From owner-freebsd-chat  Fri Apr 12 16:53:36 2002
Delivered-To: freebsd-chat@freebsd.org
Received: from avocet.prod.itd.earthlink.net (avocet.mail.pas.earthlink.net [207.217.120.50])
	by hub.freebsd.org (Postfix) with ESMTP id 7055937B404
	for <chat@freebsd.org>; Fri, 12 Apr 2002 16:53:20 -0700 (PDT)
Received: from pool0003.cvx21-bradley.dialup.earthlink.net ([209.179.192.3] helo=mindspring.com)
	by avocet.prod.itd.earthlink.net with esmtp (Exim 3.33 #1)
	id 16wAqr-0003HA-00; Fri, 12 Apr 2002 16:53:09 -0700
Message-ID: <3CB7734B.DEE9ED94@mindspring.com>
Date: Fri, 12 Apr 2002 16:52:43 -0700
From: Terry Lambert <tlambert2@mindspring.com>
X-Mailer: Mozilla 4.7 [en]C-CCK-MCD {Sony}  (Win98; U)
X-Accept-Language: en
MIME-Version: 1.0
To: Joe Halpin <joe.halpin@attbi.com>
Cc: dan@langille.org, chat@freebsd.org
Subject: Re: setting up daily builds
References: <20020411214456.0E68B3F2D@bast.unixathome.org> <3CB63991.7B33851F@mindspring.com> <3CB707CF.D6DEAA19@attbi.com>
Content-Type: text/plain; charset=us-ascii
Content-Transfer-Encoding: 7bit
Sender: owner-freebsd-chat@FreeBSD.ORG
Precedence: bulk
List-ID: <freebsd-chat.FreeBSD.ORG>
List-Archive: <http://docs.freebsd.org/mail/> (Web Archive)
List-Help: <mailto:majordomo@FreeBSD.ORG?subject=help> (List Instructions)
List-Subscribe: <mailto:majordomo@FreeBSD.ORG?subject=subscribe%20freebsd-chat>
List-Unsubscribe: <mailto:majordomo@FreeBSD.ORG?subject=unsubscribe%20freebsd-chat>
X-Loop: FreeBSD.org

Joe Halpin wrote:
> How do you go about identifying the guilty parties?
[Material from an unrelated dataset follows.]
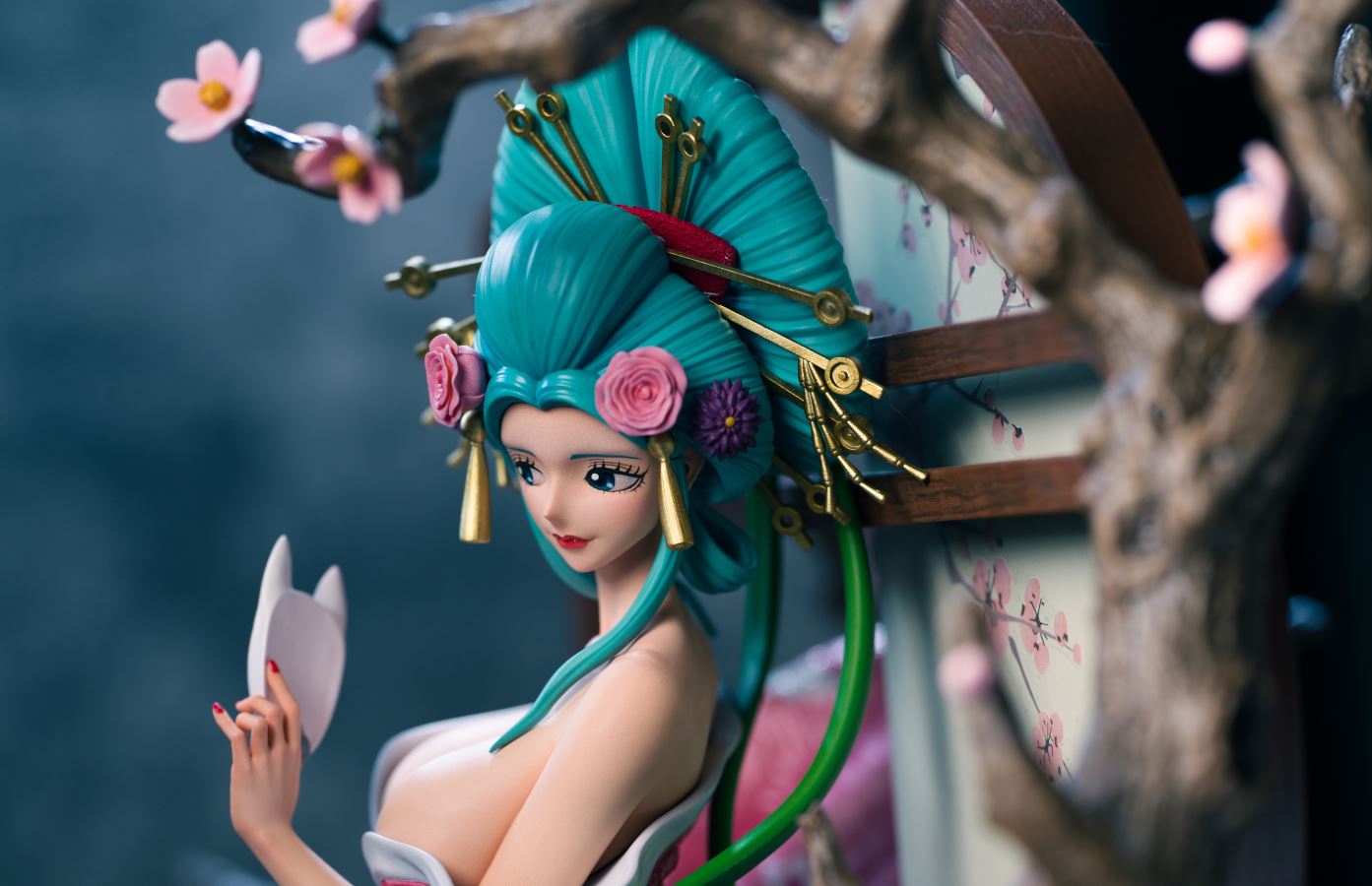 Kozuki Hiyori – One Piece 1/4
For example, if a
> subsystem that other code depends on breaks, that would probably cause
> failures in dependent subsystems. Would the owners of the dependent
> subsystems get email as well in that case?

Because you have two source trees -- "the last one that worked" and
"the current one", and they are both taggesd, you can cvs diff the
tags in order to get the differences.

Normally, what you do is copy the working tree to a new location,
and cvs up[date it, logging the updated files.

The difference in the revisions are enough to identify who made
the modificiations. (1.173 was alfred, 1.74 was phk, etc.).  You
back out the modifications in revere chronological order, until
the code works again.

If you want to be more complicated, and you have a fully populated
build tree with .depend files, you can segment the changes to
identify the change that caused the problem.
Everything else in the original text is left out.